Abstract
As higher education (HE) comes under increasing pressure from policy-makers, nationally and internationally, to contribute more directly to economic development, tensions between more traditional missions of universities and their more recent entrepreneurial makeovers create major dilemmas for academic staff regarding their roles and responsibilities. Using the lens of professional responsibility and accountability, the paper takes Initial Teacher Education as an instrumental case study to illustrate how these tensions, in terms of policy documents, and perceptions of teacher educators unfold.
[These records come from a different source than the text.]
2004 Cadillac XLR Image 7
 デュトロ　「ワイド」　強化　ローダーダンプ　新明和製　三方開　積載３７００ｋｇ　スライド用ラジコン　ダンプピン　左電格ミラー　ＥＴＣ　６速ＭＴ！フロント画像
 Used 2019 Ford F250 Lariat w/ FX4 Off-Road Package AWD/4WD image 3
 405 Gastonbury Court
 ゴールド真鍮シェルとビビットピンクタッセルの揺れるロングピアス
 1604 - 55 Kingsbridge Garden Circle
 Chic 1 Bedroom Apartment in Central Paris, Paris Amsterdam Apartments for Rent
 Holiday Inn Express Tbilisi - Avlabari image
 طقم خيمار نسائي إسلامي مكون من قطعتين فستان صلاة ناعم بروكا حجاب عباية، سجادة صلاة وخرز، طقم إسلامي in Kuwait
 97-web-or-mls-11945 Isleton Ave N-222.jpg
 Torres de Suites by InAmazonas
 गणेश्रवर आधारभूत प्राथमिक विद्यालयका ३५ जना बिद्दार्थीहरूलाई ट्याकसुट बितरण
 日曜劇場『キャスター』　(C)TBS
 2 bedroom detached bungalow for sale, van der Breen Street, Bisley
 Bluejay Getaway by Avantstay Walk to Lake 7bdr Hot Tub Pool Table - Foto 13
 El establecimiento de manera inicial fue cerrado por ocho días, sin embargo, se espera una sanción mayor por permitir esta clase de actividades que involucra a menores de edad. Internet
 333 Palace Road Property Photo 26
Analysis strongly suggest that when external prescription is increased, and reforms under-resourced, pressures for accountable conformist compliance render the exercise of professional responsibility extremely difficult if not impossible, compromised rather than finding ‘legitimate compromise’. The paper argues that HE has significant lessons to learn from this case while signalling that current challenges within teacher education are already becoming a gauntlet that the entire HE community needs to consider seriously.
Acknowledgements
We are most grateful to the editors and the reviewers for their valuable feedback on an earlier version of this paper. Our gratitude also to our informants, without whose insider accounts this work would be impossible.
Disclosure statement
No potential conflict of interest was reported by the authors.
Notes
1. The term re-accreditation is used here for the following reasons. The Teaching Council, established in 2006, first began the piloting of re-accreditation of existing ITE programmes as part of its legislative remit (Government of Ireland Citation2001). By the time eight ITE programmes had been re-accredited in 2012, it was necessary for all ITE programmes to be accredited ab initio due to major policy and structural reforms.
2. The existing three-year Bachelor of Education programme preparing primary teachers was extended from September 2013 to four years, while consecutive programmes of one-year duration were to be extended to two years from September 2014. These two-year programmes have become level 9 Masters' programmes.
3. These percentages were established by direct contact with the interviewees or a similarly prominent person in their institution.